Jul 10

Of late, I have been looking at Datacenter automations and impact of DCA on costing for the datacenter.

Various solutions exist, to name a few Emerson Aperture, NLyte and Rackwise – All of which bring important things to the table. But what are the big 4 doing in this space? Do they have any solid solutions out there? Or they are just living with the situation?

Lack of investments in RFID, rack monitoring software has really taken the cost of manually managing datacenter’s higher. The bottom line is datacenter is a piece you cannot just outsource because it is the fundamental part of unique value chain for every company.

The only proposed solutions are:

  1. Virtulization mgmt
  2. Workflow management – Cable mgmt, Physical and logical asset management
  3. Spare management
  4. Space, Power, Cooling mgmt
  5. On-boarding, offloading management
  6. For cloud – customer centric solution management

Unfortunately the quest for finding the right solution continues, but I am not giving up.

Dec 13

Some product/consulting companies charge upto 25K USD for integration of FM-FM/FM-PM products. One has to be careful of such offerings because not only they have a one time cost, but also they come with a continual license fee for the gateway. BAD!! So let me save you some money by generalizing this process by an example of integrating two highly used NMS solutions – Tivoli Netcool [from IBM] and NAGIOS [Open source offering]. Integration from Nagios to Netcool is simple [not sure why people pay tones of money for this] and can be done in couple different ways:

Overview

  1. Asynchronous uni-directional data flow [from Nagios SBI to Netcool] : In this method of integration, Netcool shall receive events  as forwarded, but shall not acknowledge the event back in Nagios. This is useful when Nagios is not used by operators for RT monitoring.
  2. Synchronous bi-directional data flow: An event in Nagios will flow to Netcool and will be confirmed back in Nagios as recieved by Netcool. On every update on the event [such as journal entry, acknowledgements] the event in Netcool, status shall be updated in Nagios.

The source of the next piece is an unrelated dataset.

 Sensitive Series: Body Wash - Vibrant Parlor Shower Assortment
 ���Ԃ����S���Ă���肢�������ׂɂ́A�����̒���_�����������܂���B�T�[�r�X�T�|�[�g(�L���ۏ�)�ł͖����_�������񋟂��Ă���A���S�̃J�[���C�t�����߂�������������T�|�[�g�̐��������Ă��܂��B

Either options work based on the business/solution requirements. So without further ado:

Implementation:

  1. Asynchronous uni-directional data flow [from Nagios SBI to Netcool]

To understand the implementation, I shall divide the steps as southbound implementation and northbound implementation. Southbound implementation refers to the changes/configuration on Nagios end, and Northbound implementation refers to updates in Netcool.

Southbound updates [On Nagios];

a) Create a script to send tcp socket messages or snmp traps or direct JDBC insert to NBI.

You can use snmptrap command for writing the script, if you are not a SNMP guy you can use a simple script to do socket message communication/JDBC inserts into Objectserver. Test this script.

sample snmp script:

Send trap

# Arguments:

# $1 = Management Station

# $2 = Community String

# $3 = host_name

# $4 = service_description (Description of the service)

# $5 = return_code (An integer that determines the state

# of the service check, 0=OK, 1=WARNING, 2=CRITICAL,

# 3=UNKNOWN).

# $6 = plugin_output (A text string that should be used

# as the plugin output for the service check)

#

# Sample

# /usr/bin/snmptrap -v 2c -c $2 $1 ” NAGIOS-NOTIFY-MIB::nSvcEvent nSvcHostname s “$3″ nSvcDesc s “$4″ nSvcStateID i $5 nSvcOutput s “$6″

b) Define a global event handler in Nagios: Global event handler will help execute the script on every state change on Nagios instance and will communicate, failure and seizure of the problem. How to configure GEH: http://nagios.sourceforge.net/docs/2_0/eventhandlers.html

Northbound updates [On Netcool]

If SNMP:

a) Download the Nagios MIB and compile with MIB2Rules

http://sourceforge.net/projects/nagiosplug/files/nagiosmib/

b) Update the rules file and include it  in mttrapd main ruleset

If socket:

a) Update the socket probe to parse message based on delimiters

b) Ensure all mandatory objectsesrver fields are accounted for

If JDBC:

a) Ensure all mandatory objectsesrver fields are accounted for

b) **CAUTION** Watch the objectserver profiler for IDUC consumption, as this is not so much of a conventional approach

DID YOU CATCH THE HEADFAKE?

Nagios an Netcool were just examples, you can integrate most FM-FM/FM-PM solutions using the aforementioned procedure, you just need to know the NBI data model, SBI data model, right triggers on the SBI system and right listner on NBI system. Made your life easy, din’t I? So start saving your company some money now!!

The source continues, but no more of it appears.